== What the task requires ==
Set out exactly, line by line, the stretch of data below that begins at the line containing "eine Terrasse mit" and ends at the line containing "通常、出産のときまでは硬く閉じている子宮の出口", with both ends kept.

== Recorded data ==
• • • • •

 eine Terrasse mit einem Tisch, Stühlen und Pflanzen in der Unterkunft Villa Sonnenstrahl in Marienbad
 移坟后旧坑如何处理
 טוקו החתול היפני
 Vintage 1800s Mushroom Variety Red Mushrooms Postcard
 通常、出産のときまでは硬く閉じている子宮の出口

• • • • •

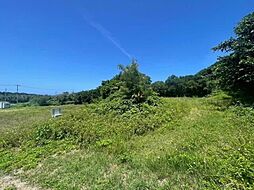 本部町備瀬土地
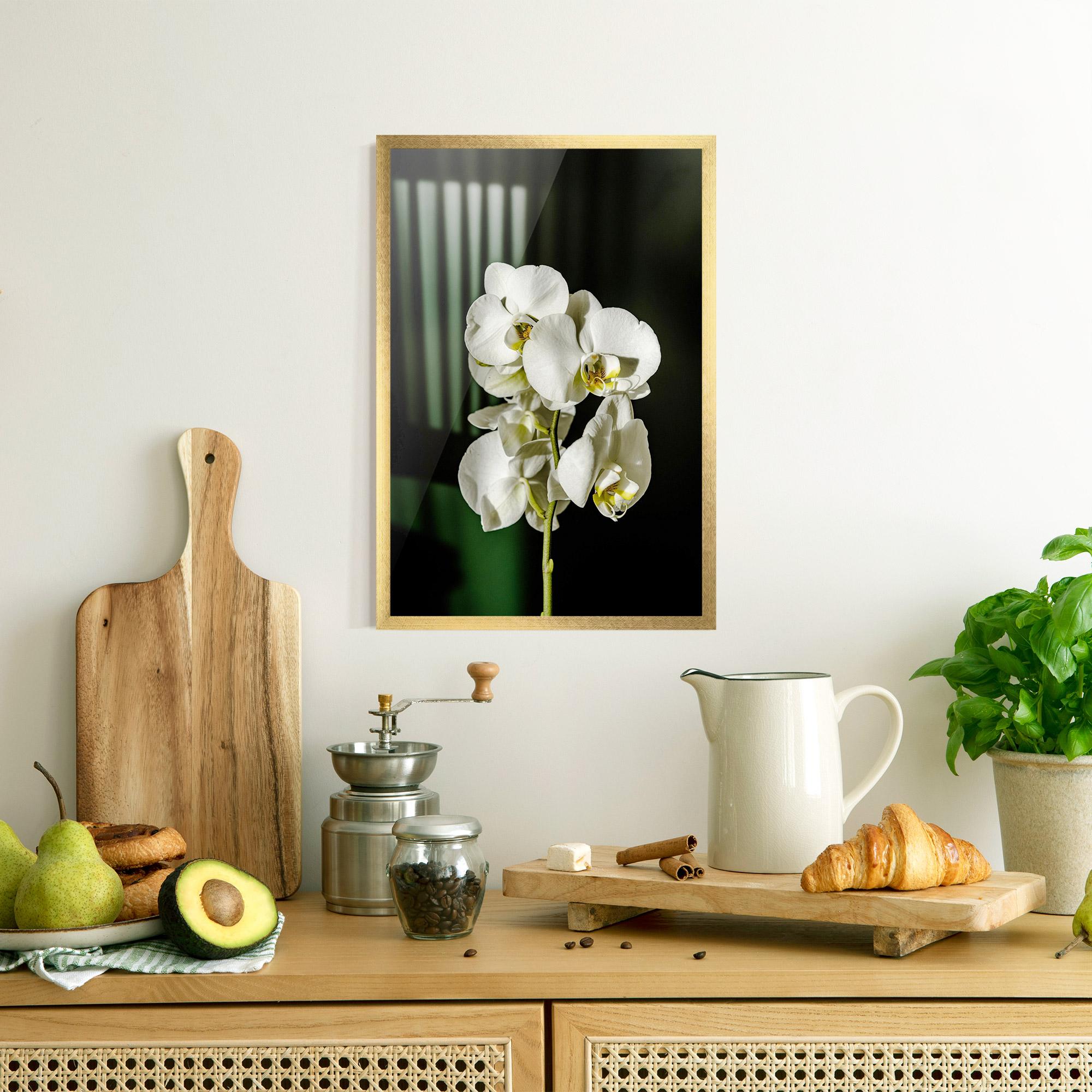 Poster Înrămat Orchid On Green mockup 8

• • • • •

== Response to the exercise ==
 eine Terrasse mit einem Tisch, Stühlen und Pflanzen in der Unterkunft Villa Sonnenstrahl in Marienbad
 移坟后旧坑如何处理
 טוקו החתול היפני
 Vintage 1800s Mushroom Variety Red Mushrooms Postcard
 通常、出産のときまでは硬く閉じている子宮の出口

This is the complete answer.